THE TASK: Everything from the line with "Bleczinski Kleiman & Klein, LLC" through the final line of the listing below must be retyped exactly, apart from the pictures.

MATERIAL PROVIDED: Begin

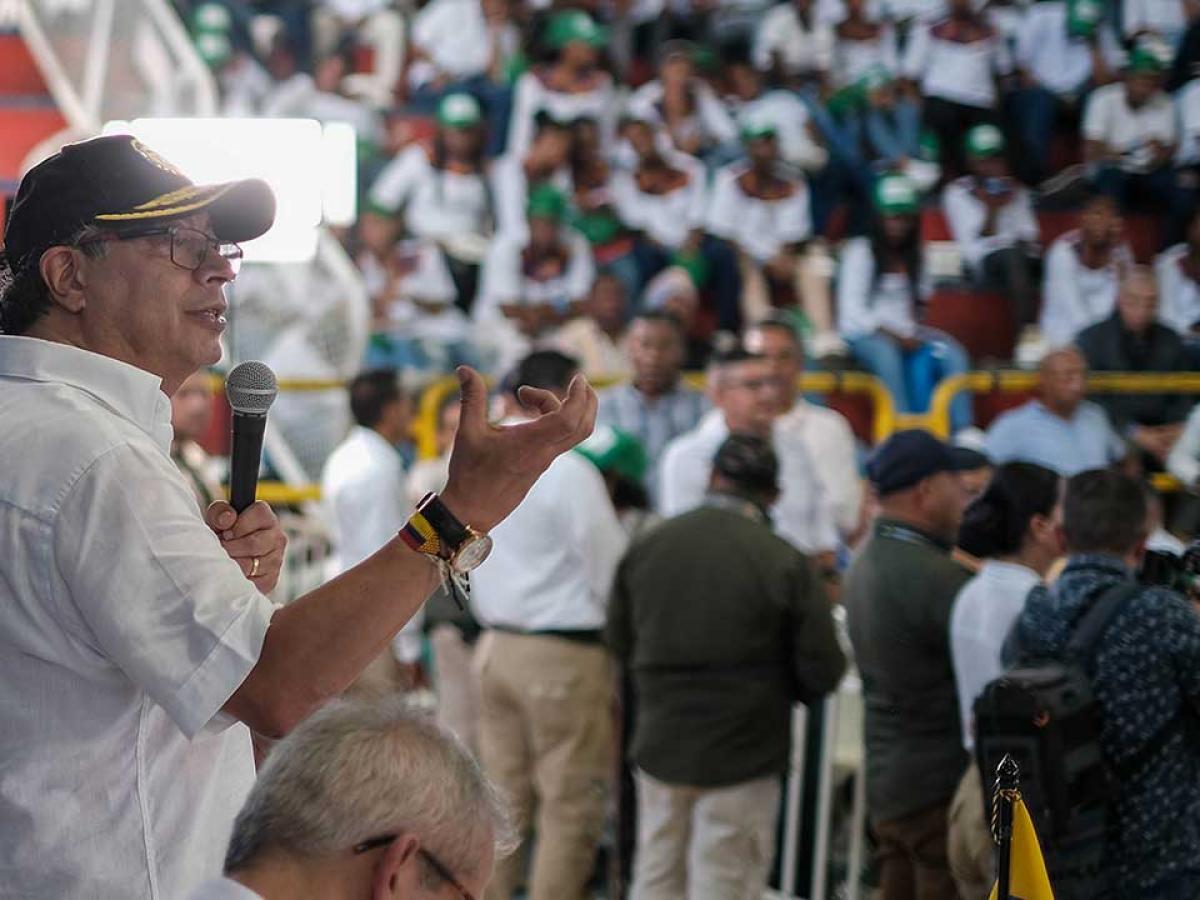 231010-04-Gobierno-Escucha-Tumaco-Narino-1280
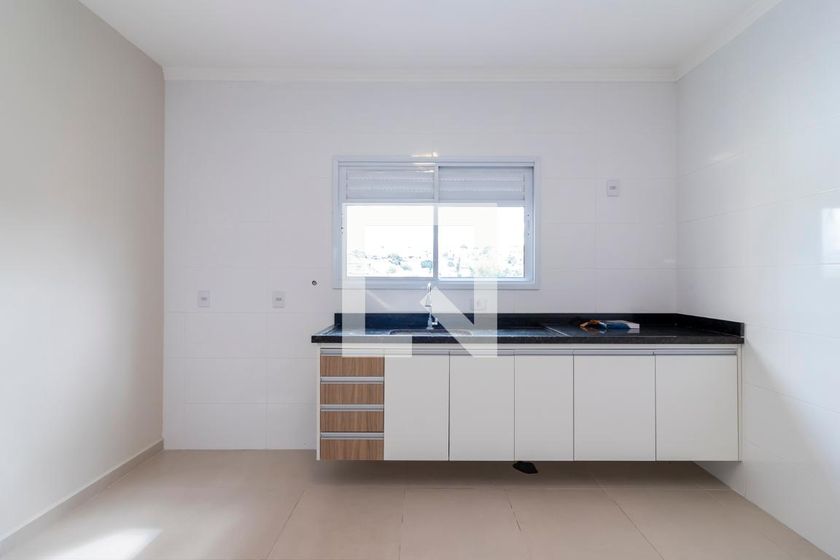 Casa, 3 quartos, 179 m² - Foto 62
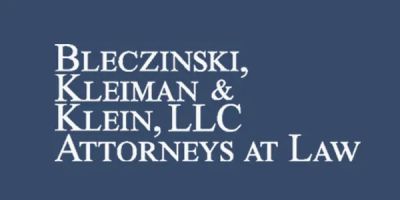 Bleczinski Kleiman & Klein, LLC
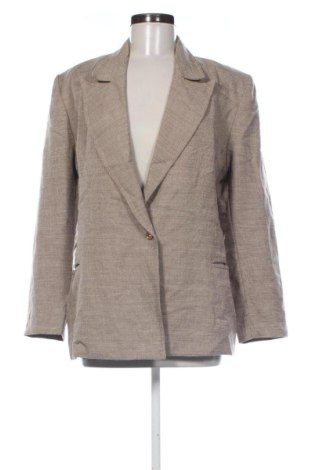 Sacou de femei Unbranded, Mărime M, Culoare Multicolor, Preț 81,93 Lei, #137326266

MATERIAL PROVIDED: End

RESULT FOR THIS TASK:
 Bleczinski Kleiman & Klein, LLC
 Sacou de femei Unbranded, Mărime M, Culoare Multicolor, Preț 81,93 Lei, #137326266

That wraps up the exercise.